Scoil Aoife opened its doors in Tallaght, Dublin, for the first time last week for a single child, Ella Gilsenan (4), who completed her first week at 'big school' alone.
The fledgling community national school could face closure if class sizes don't increase, but progress on that front was made this week when Alex Keogh (4) joined Ella in the junior infant class taught by principal and only teacher Stacey McAuley.
"If enrolments don't increase it obviously wouldn't be viable with just two students," Ms McAuley, told the Herald.
Despite the bizarre start to the school year, Ms McAuley is confident that the school will attract more pupils before the end of the month.

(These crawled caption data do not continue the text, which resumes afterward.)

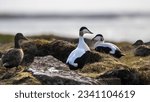Small photo of Male and female common eider ducks (Somateria mollissima) at the coast of iceland in summer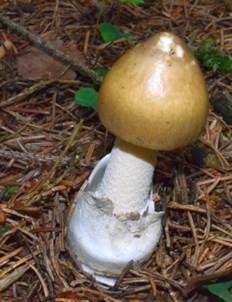 Grauhäutiger Scheidenstreifling, Foto 5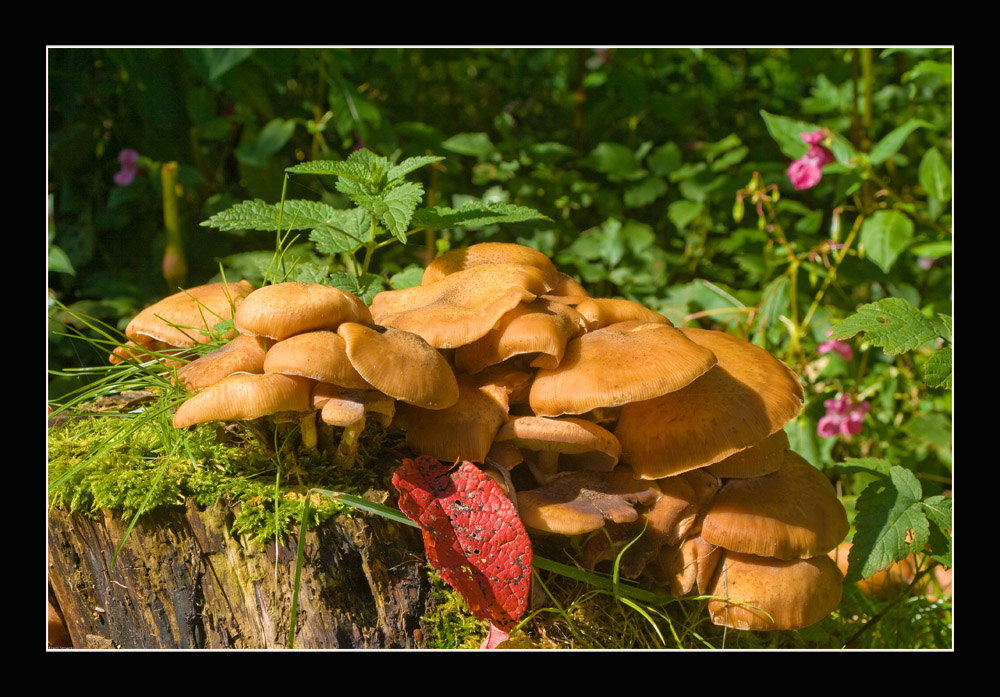 Herbstpilz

The model of community schooling is popular and that as word gets out local interest in the school is rising, she said.
The classroom can accommodate up to 16 pupils but the school may be able to go on with just seven.
"We certainly won't be turning anyone away," she added, saying that six expressions of interest have already been lodged.
The school is currently in temporary accommodation in Brookfield Community Centre.
Ms McAuley is appealing for parents to enrol their children, and is hosting an information evening taking place in the school today.
Meanwhile, Ella's mum Kelly Gilsenan spoke of waving off her daughter on the first day in school with no classmates.
"I was worried that she would be sitting playing by herself," she admitted.
"I had been telling her all summer about how she would be in big school with her friends - and then there was no one else there.
"But she settled in straight away. Once she is happy that's the main thing," Ms Gilsenan added.
Ella was joined by Alex this week and the pair gelled straight away.
His mum, Gillian, said she enrolled him when she heard about Scoil Aoife.
"He is shy and I didn't want him in a class of 30," she explained.
"You couldn't get the attention that Alex is getting there if you paid for it," added Ms Keogh.
The Department of Education will ultimately decide the school's future.
A spokesperson said that current and future enrolments would be discussed, but did not wish to make a further comment.